Both Chantry and AirWave only support 802.11b products at this time. The winner of the category was AirMagnet, with its Distributed System (www.airmagnet.com). Both Sean and I liked the fact that it supports both 802.11a and b products. Think of the AirMagnet system as a distributed Sniffer for wireless networks, similar to how that product extended network analysis tools for wired networks many years ago. Its main advantage is wireless discovery of what is running across your airwaves.
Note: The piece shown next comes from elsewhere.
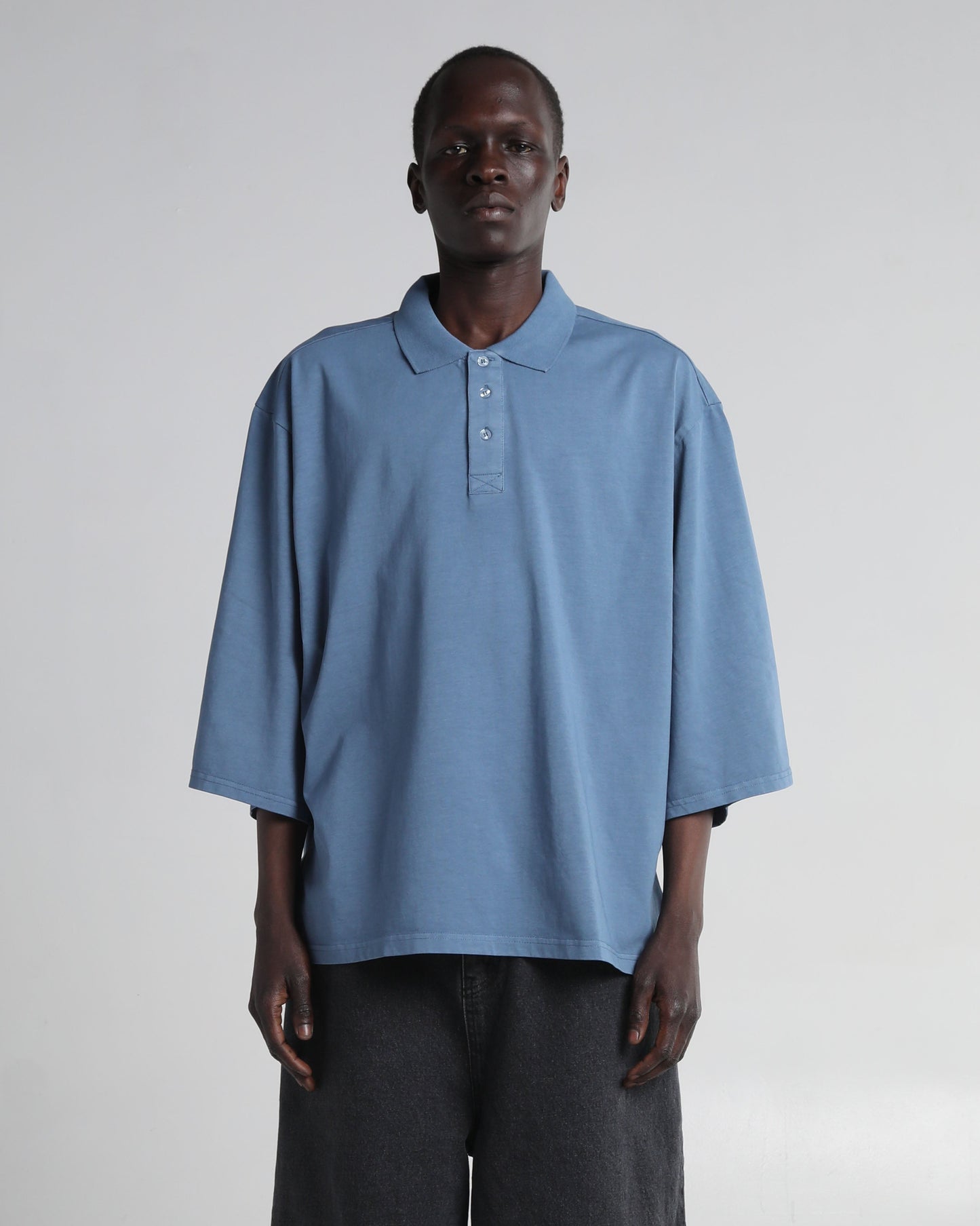 Garment Dye Drop Shoulder Polo Shirt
AirMagnet has been selling a standalone analysis tool for about a year now, and this distributed concept is a natural extension. Here is the scenario: You need to instrument your campus with a bunch of probes -- either by running software on a laptop or by installing one of their dedicated hardware probes. But once you do deploy this stuff, you can glean all sorts of information about the state of your wireless network. At the show, AirMagnet very quickly found more than 200 APs in the Vegas Convention Center, including about 75 rogue APs that the network control center staff hadn't yet accounted for. Granted, this was a very extreme and chaotic environment, but a good one to stress-test the product and show how you can track down APs that don't have encryption turned on, or that are misconfigured. Another nice feature is that you can see if having too many APs talking on the same channel is clogging up your radio frequencies. It doesn't do the policy management as nicely as the AirWave system though.

What I thought after looking at these and other entries for the category was that I wish I could pick and choose the best features from each product and design my own wireless management system. My ideal product would have the policy management features of AirWave, the discovery and scanning properties of AirMagnet, and the reliability and scalability deployment features of Chantry. While I am wishing for the best possible product, I might as well add to this some neat mapping features that is found in the Trapeze Networks product, where you can figure out placement of your APs given the radio properties of your actual buildings. And to top things off, my wish list would include support a wide variety of enterprise-class APs from Cisco, Orinoco, Proxim and the like. Too bad it doesn't exist yet.

This shows you the complexity involved in supporting enterprise-class wireless networks. At least there are a few bright people working on the problem. Maybe by this time next year we will have some solid solutions in place.